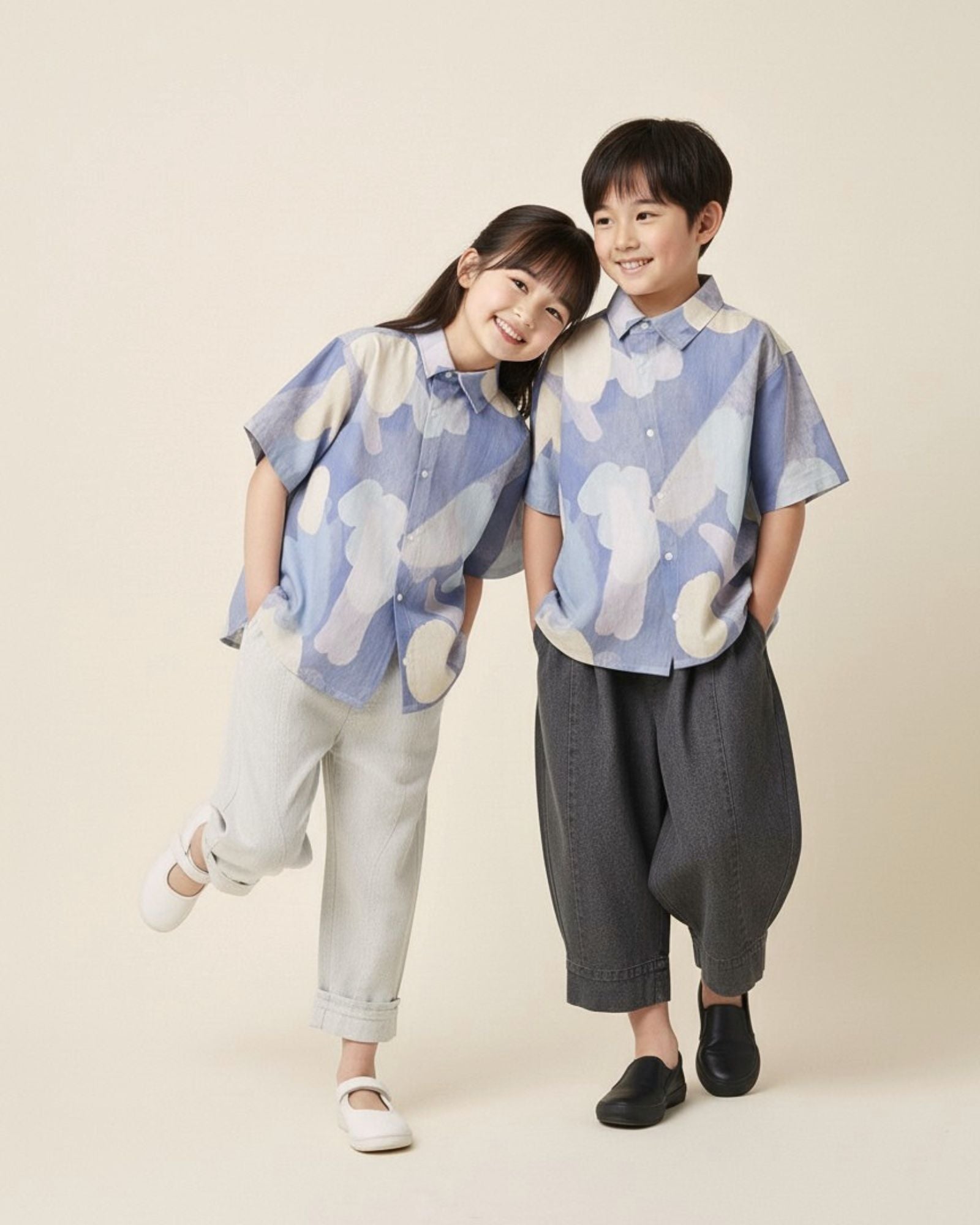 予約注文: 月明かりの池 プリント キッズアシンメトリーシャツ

================

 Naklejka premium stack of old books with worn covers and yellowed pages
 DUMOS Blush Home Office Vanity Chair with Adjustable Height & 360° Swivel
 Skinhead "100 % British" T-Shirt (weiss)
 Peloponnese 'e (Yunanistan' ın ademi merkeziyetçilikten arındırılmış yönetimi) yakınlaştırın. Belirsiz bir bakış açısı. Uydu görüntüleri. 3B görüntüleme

================

EXERCISE
In the listing above, find the line with "DUMOS Blush Home" and the line with "Peloponnese 'e (Yunanistan'"; output exactly those lines and all lines between them.

ANSWER SECTION
 DUMOS Blush Home Office Vanity Chair with Adjustable Height & 360° Swivel
 Skinhead "100 % British" T-Shirt (weiss)
 Peloponnese 'e (Yunanistan' ın ademi merkeziyetçilikten arındırılmış yönetimi) yakınlaştırın. Belirsiz bir bakış açısı. Uydu görüntüleri. 3B görüntüleme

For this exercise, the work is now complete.